Литмир - Электронная Библиотека
A
A

Она молчала, подняв голову, неподвижная, выпрямив грудь, положив руки на колени, в позе человека, которого поддерживает гордое усилие мужества в виду овладевающей им слабости. Но ее рот, выражение ее рта, тщетно сжатого с усилием, выдавали своего рода скорбную страсть.

— Я не смею высказать мои мысли. Мария, Мария, вы простите меня? Простите меня?

Сзади скамейки две ручонки закрыли ее глаза и дрожащий от радости голос крикнул:

— Отгадай! Отгадай!

Она улыбнулась и откинулась к спинке, потому что Дельфина тянула ее, закрыв пальцами глаза, и Андреа определенно, со странной ясностью, видел, что эта легкая улыбка рассеяла первоначальное сумрачное выражение этих уст, изгладила малейший след, который мог ему показаться знаком согласия или признания, отогнала всякую неясную тень, которая могла превратиться в его душе в искру надежды. И оказался в положении человека, обманутого чашей, которую он считал почти полною, но в которой его жажда нашла только воздух.

— Отгадай!

Дочь осыпала крепкими и быстрыми поцелуями голову матери в каком-то исступлении, может быть делая ей несколько больно.

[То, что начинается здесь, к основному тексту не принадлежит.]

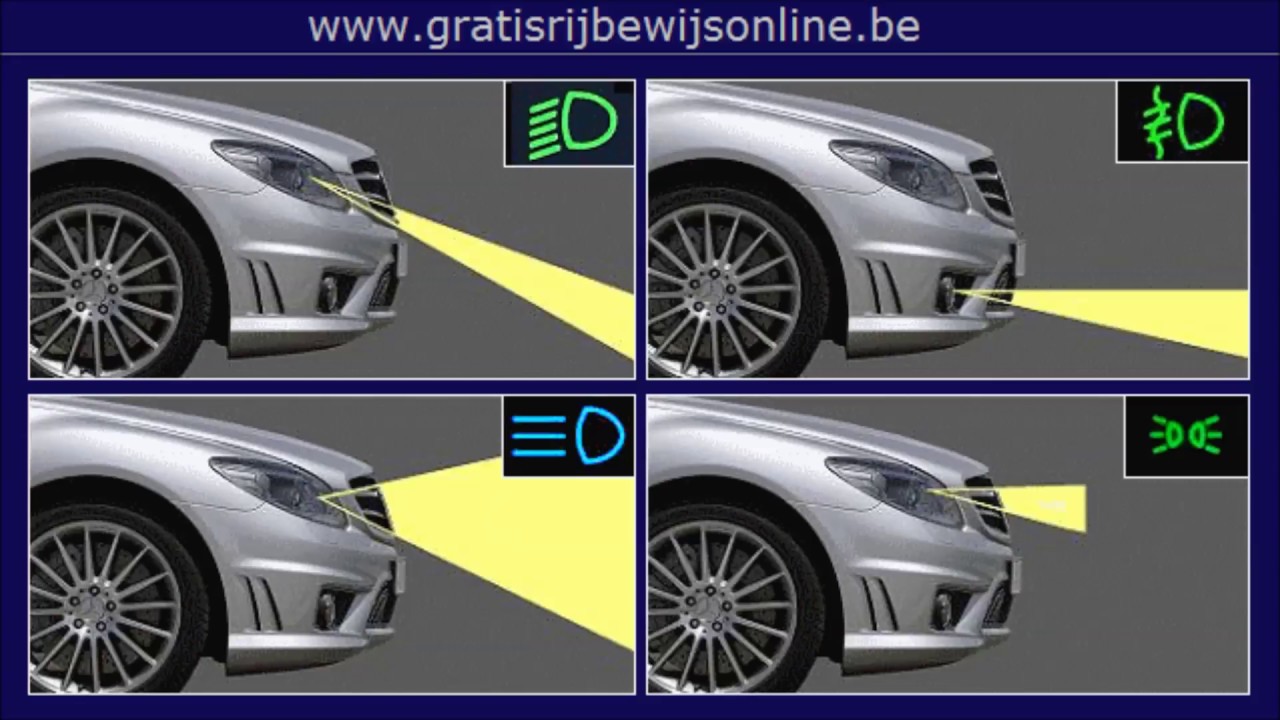 LES 11 Lichten van een auto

— Знаю кто, знаю кто — ты, — говорила мать. — Пусти же.

— А что ты мне дашь, если пущу?

— Все, что хочешь.

— Хочу лошадку, чтобы отвезти плоды домой. Поди, посмотри, сколько их!

Обогнула скамейку и взяла мать за руку. Она поднялась как-то с трудом; и уже на ногах много раз моргнула глазами, как бы стараясь отогнать ослепление. Андреа тоже поднялся. И они оба пошли за Дельфиной.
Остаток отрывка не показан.